[Exercise aim] For each line in the material below that holds "open", copy that line.

[Input data]
────────
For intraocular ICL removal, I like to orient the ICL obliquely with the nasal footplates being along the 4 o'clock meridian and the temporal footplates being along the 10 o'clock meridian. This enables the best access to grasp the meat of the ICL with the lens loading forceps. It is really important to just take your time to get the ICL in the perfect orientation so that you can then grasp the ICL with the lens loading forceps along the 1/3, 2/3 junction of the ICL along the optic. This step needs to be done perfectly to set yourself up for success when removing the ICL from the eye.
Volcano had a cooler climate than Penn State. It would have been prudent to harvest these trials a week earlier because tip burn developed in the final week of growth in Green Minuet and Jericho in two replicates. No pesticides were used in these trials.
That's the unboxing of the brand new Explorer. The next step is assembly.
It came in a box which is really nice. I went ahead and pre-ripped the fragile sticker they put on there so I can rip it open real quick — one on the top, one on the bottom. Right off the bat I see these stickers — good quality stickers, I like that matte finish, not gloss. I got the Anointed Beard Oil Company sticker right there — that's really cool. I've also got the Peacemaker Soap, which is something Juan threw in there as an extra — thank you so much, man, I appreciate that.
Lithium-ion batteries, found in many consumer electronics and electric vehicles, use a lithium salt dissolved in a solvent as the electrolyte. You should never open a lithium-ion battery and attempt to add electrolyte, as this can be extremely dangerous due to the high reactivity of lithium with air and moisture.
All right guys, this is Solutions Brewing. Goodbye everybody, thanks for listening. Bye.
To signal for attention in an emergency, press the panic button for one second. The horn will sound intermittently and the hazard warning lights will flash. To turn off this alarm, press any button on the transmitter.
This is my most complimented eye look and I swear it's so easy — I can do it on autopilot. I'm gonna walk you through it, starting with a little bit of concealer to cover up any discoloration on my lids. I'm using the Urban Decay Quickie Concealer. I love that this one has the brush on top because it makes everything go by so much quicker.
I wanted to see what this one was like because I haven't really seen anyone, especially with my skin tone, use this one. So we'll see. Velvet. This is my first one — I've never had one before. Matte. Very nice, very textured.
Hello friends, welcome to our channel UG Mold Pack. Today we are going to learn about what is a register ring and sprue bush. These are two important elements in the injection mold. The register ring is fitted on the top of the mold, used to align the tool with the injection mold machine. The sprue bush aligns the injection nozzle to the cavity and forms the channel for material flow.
────────
[Your solution]
It came in a box which is really nice. I went ahead and pre-ripped the fragile sticker they put on there so I can rip it open real quick — one on the top, one on the bottom. Right off the bat I see these stickers — good quality stickers, I like that matte finish, not gloss. I got the Anointed Beard Oil Company sticker right there — that's really cool. I've also got the Peacemaker Soap, which is something Juan threw in there as an extra — thank you so much, man, I appreciate that.
Lithium-ion batteries, found in many consumer electronics and electric vehicles, use a lithium salt dissolved in a solvent as the electrolyte. You should never open a lithium-ion battery and attempt to add electrolyte, as this can be extremely dangerous due to the high reactivity of lithium with air and moisture.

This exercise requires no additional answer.